💻 Environment/Context
- Deduplication
- Hashing
- Collection
❓ Issue/Question
- How does merging duplicates work on the ScorePlay platform based on file hash?
👌 Resolution/Answer
- A hash function (like SHA-256, SHA-1, or MD5) takes any input — in this case, the file's binary data — and produces a fixed-length string called a hash value or digest.
- Example:
- File A → SHA-256 → "9a0364b9e99bb480dd25e1f0284c8555" File B → SHA-256 → "9a0364b9e99bb480dd25e1f0284c8555"
- Example:
- If two files produce the same hash, they're assumed to have identical content.
- Hash functions are designed so that:
- Even a tiny change in the file (one bit) gives a completely different hash.

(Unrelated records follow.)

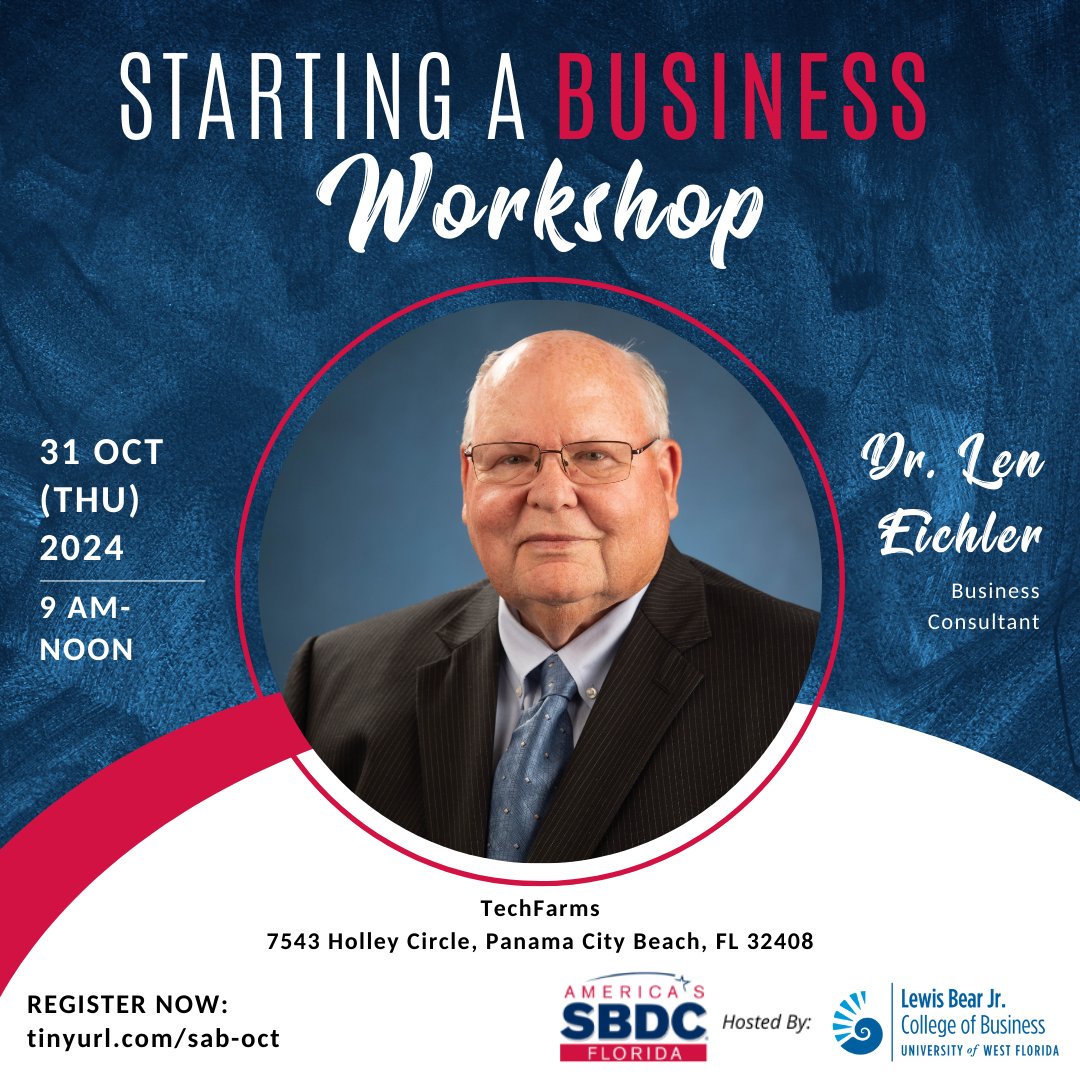 FloridaSBDC_UWF's tweet image. Want to join the #OctoberTheory trend? 🍂 Get that business dream idea solid @tech_farms. 👨‍🏫 Register to have Dr. Eichler take you through the start-up steps. You&apos;ll learn how to find success as a start-up operation in the area. ecs.page.link/uq2Tz #emeraldcoastentrepreneur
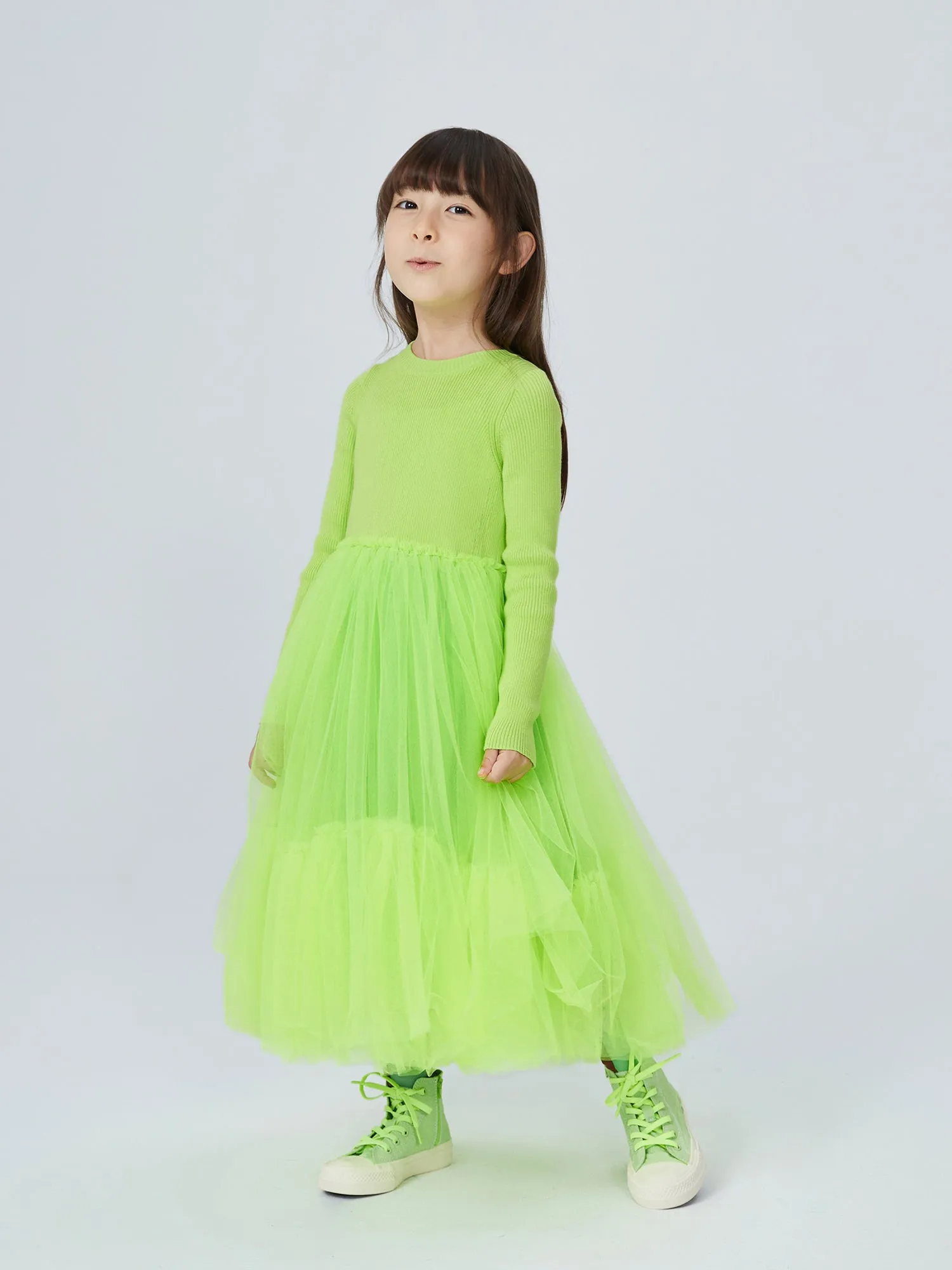 JNBY Girl's Ribbed Sweater and Tulle Dress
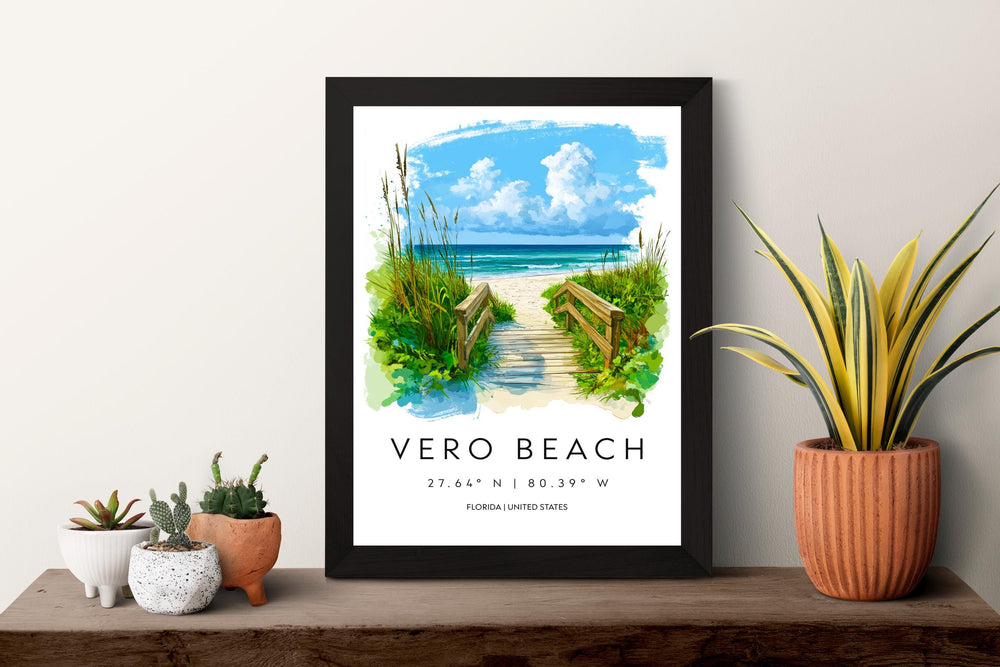 Vero Beach Watercolor Poster Wall Art Vero Beach Wall Decor Home Décor Vero Beach Gift USA Art Lover Gift, Travel Souvenir Print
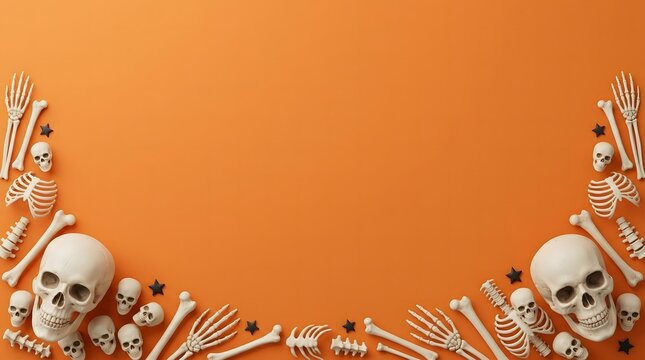 Halloween background with human skulls and bones arranged as a frame on orange surface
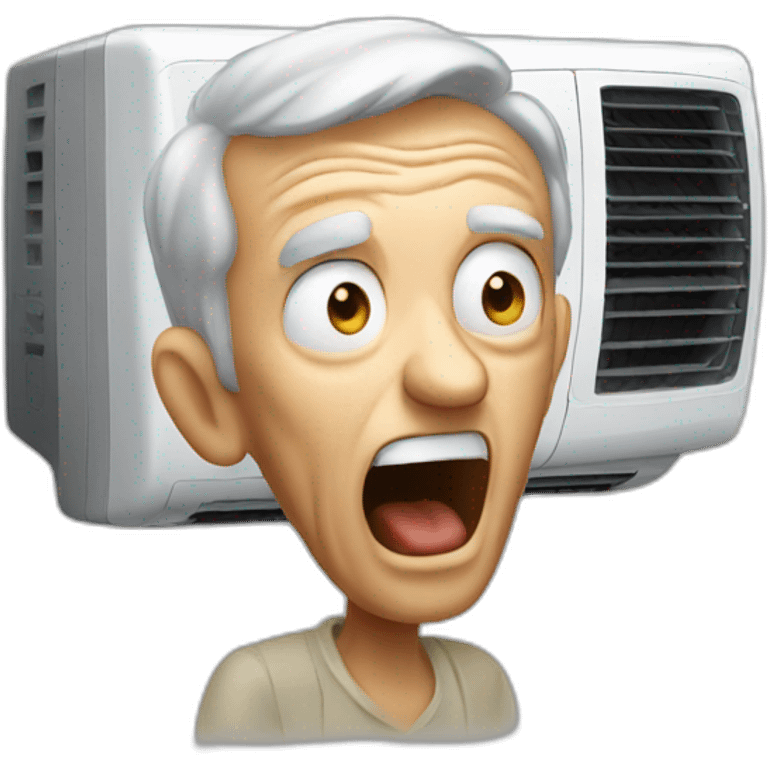 old man screaming at air conditioner emoji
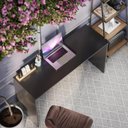 Ver imagem 4 de Mesa / Escrivaninha / Bancada / Aparador KA Estilo Bancada Sapatas Anti-umidade Cor Preto EJ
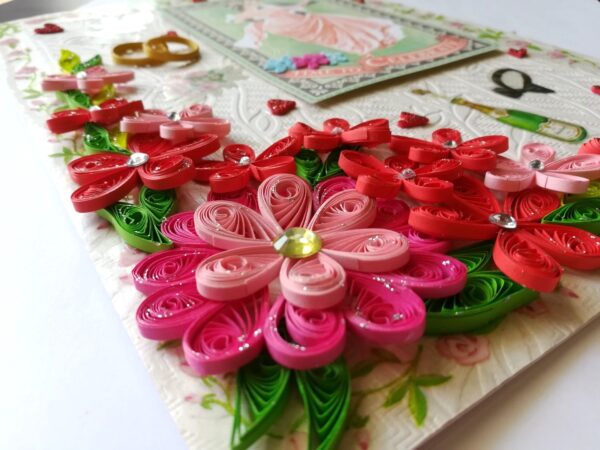 Happy Anniversary Quilled Flowers Greeting Card image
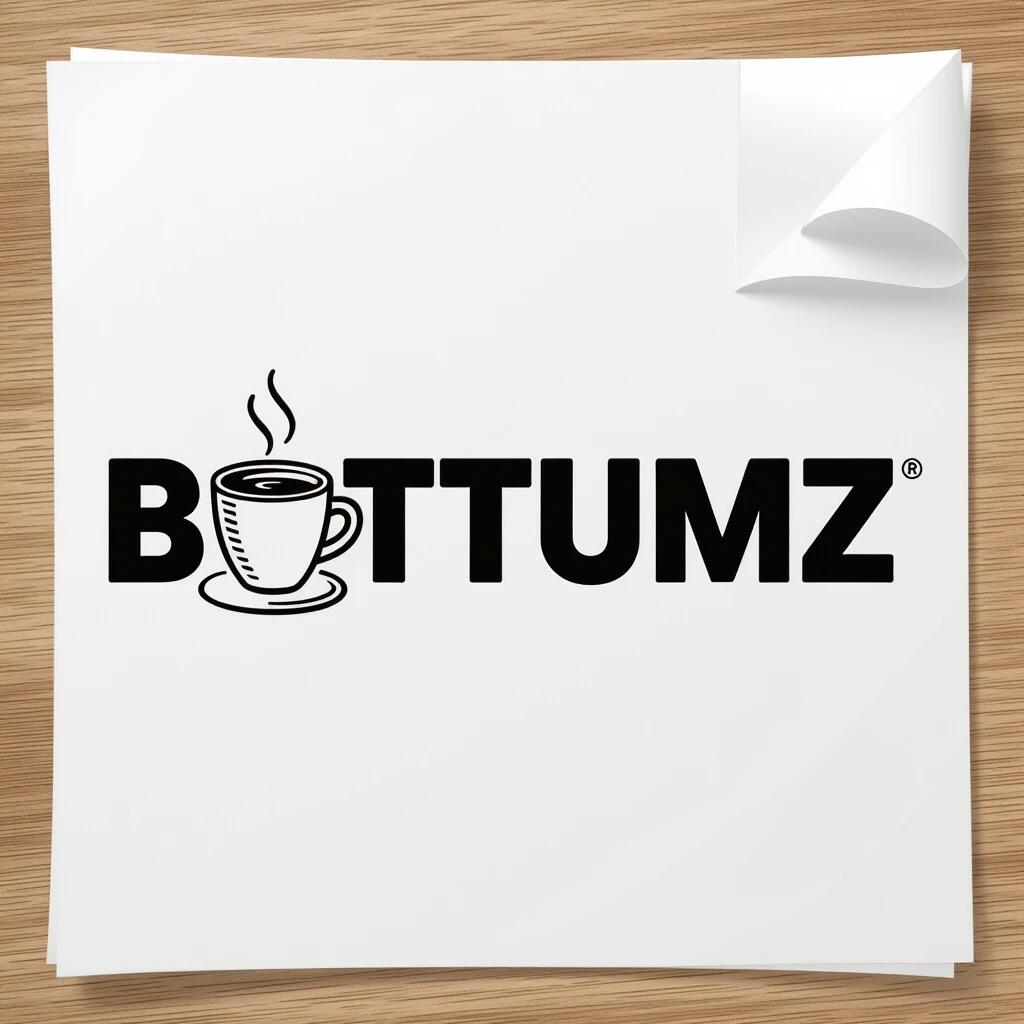 Flat vector logo on pure white background showing the wordmark bottumz. Text in ultra-bold condensed sans serif font in solid matte black. The letter u replaced with a tilted white paper coffee cup with a thin black outline. The cup has ripple-wall texture. A small white tab with text what's in your bottumz? in black sans.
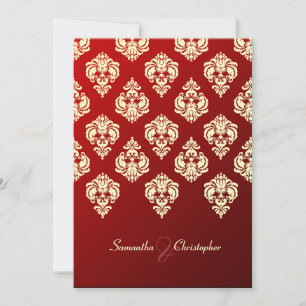 Invitation PixDezines Rossellini Damask, ivoire + Velvet roug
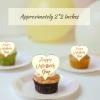 12 Valentine's Day Acrylic Cupcake Toppers Heart shaped Valentines toppers Love Valentine Toppers (MIRROR GOLD) view 4
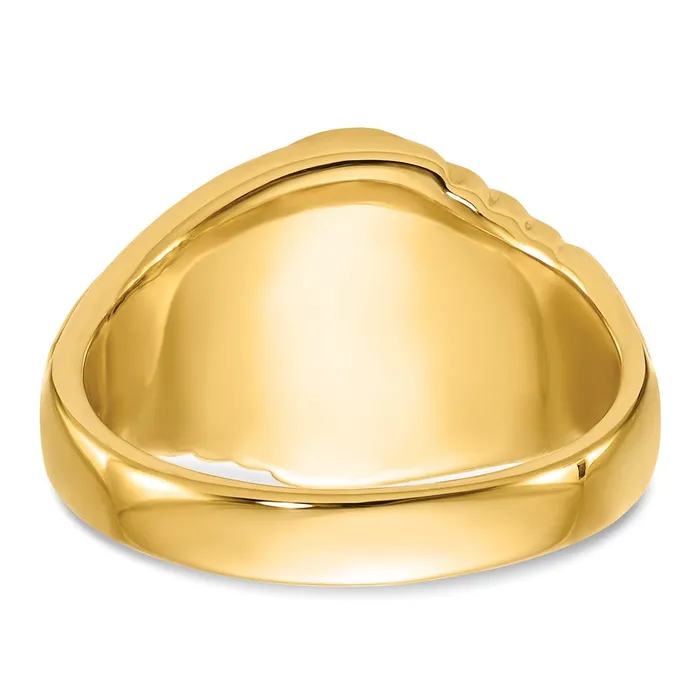 Goldia Rings 14k Yellow Gold Mens Polished and Textured with Oval Onyx Masonic Ring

- It's computationally infeasible to find two different files with the same hash (a "collision").
- When a new file is uploaded or saved:
- The system computes its hash (e.g., SHA-256).
- It checks whether that hash already exists in the database or storage index.
- If the hash is found:
- The system knows this file already exists.
- It avoids storing the duplicate again (it may just reference the existing file).
- If the hash is new:
- The system stores the file and records its hash.
- Benefits:
- Saves storage: Identical files are stored once.
- Improves performance: Fast lookups instead of comparing file contents byte by byte.
- Integrity checks: Hashes can detect data corruption or tampering.
- Caveats:
- Hash collisions: Rare but possible (especially with weaker hashes like MD5).
- Performance cost: Computing hashes on very large files takes CPU time.
- Partial deduplication: Some systems use block-level hashing (dividing files into chunks) for more efficient deduplication of large, similar files.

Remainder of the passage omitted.